From: Tom Lane on
Magnus Hagander <magnus(a)hagander.net> writes:
> Do we need to make the value configurable? I'd certainly find it
> interesting to set backends to say 5 or something like that, that
> makes them less likely to be killed than any old "oops opened too big
> file in an editor"-process, but still possible to kill if the system
> is *really* running out of memory.

I don't want to go to the trouble of creating (and documenting) a
configure option for this. Much less a GUC ;-)

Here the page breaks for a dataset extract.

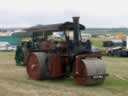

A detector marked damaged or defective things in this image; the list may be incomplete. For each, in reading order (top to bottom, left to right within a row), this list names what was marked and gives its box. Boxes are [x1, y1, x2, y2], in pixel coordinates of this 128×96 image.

rusty metal body [25, 16, 107, 85]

What I suggest is that we do something like

#ifdef LINUX_OOM_ADJ
...
fprintf(oom, "%d\n", LINUX_OOM_ADJ);
...
#endif

Then, somebody who wants the feature would build with, say,
-DLINUX_OOM_ADJ=0
or another value if they want that.

regards, tom lane

--
Sent via pgsql-hackers mailing list (pgsql-hackers(a)postgresql.org)
To make changes to your subscription:
http://www.postgresql.org/mailpref/pgsql-hackers

From: Bruce Momjian on
Alex Hunsaker wrote:
> On Thu, Jan 7, 2010 at 20:26, Tom Lane <tgl(a)sss.pgh.pa.us> wrote:
> > Alex Hunsaker <badalex(a)gmail.com> writes:
>
> > We can either drop this in core (with a lot of #ifdef LINUX added)
>
> Any thoughts on doing something like (in fork_process.c)
>
> #ifdef LINUX
> void oom_adjust()
> {
> ...
> }
> #else
> void oom_adjust() {}
> #endif
>
> So there is only one #ifdef? It still leaves the ugly calls to the function...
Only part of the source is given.